In December 2007, the Chinese government declared that weather forecasts were “state secrets” and said it would clamp down on illegal weather acquisition by foreigners. Violators included an illegal weather station set up by a Japanese company near a power station and a weather observation post near the Olympics yachting venue in Qingdao, which also happened to be near a military harbor.
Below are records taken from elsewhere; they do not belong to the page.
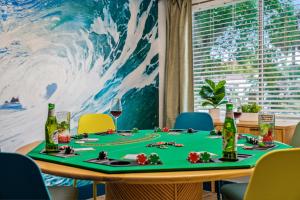 Surfari Pompano! Heated Pool Home 9 mins to Beach
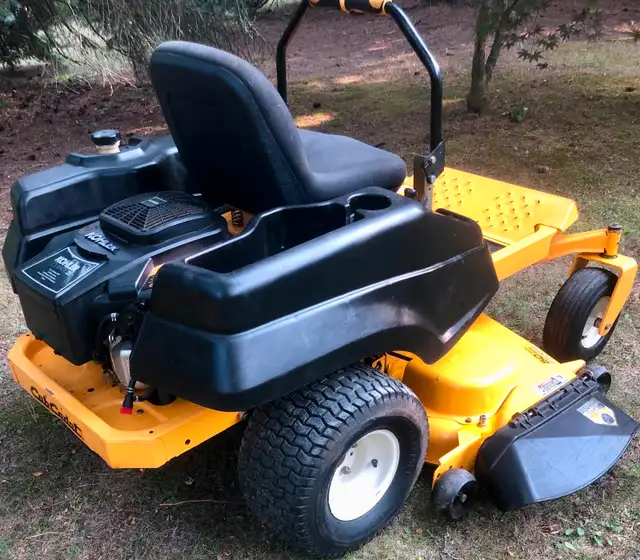 Cub Cadet RZT 50” Zero Turn mower 25HP Kohler, Like NEW!63347539322113122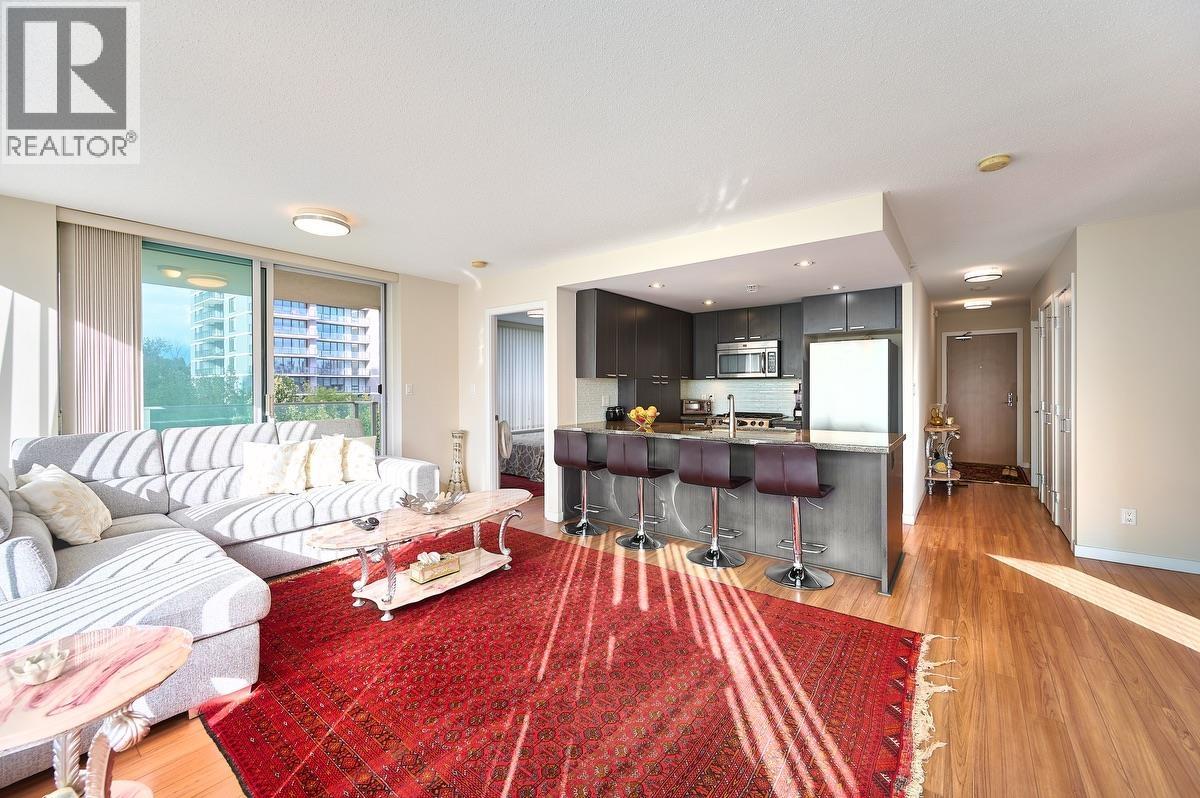 805 2232 Douglas Road Property Photo 7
Chinese meteorologists go about their jobs in a very no nonsense way. An Australian weatherman known for his comic, lighthearted broadcasts told the Los Angeles Times that some Chinese weatherman took offense to his style. “The Chinese take their weather seriously,” he said, “They wanted to know how I could joke about a topic that was likely to kill people.”



Climate in China

China is a big country and the climate varies greatly from region to region. There are places with bitterly cold winters as well as ones with scorching summers and everything in between. Wintertime in Inner Mongolia brings temperatures of -40°C (-40°F), while summer temperatures in Turpan, ‘the hottest place in China’, can hit 47°C (117°F). Beijing and Shanghai and most of China are very hot and humid in the summer; climate differences are more variable in the winter. Spring and fall generally have the most pleasant weather.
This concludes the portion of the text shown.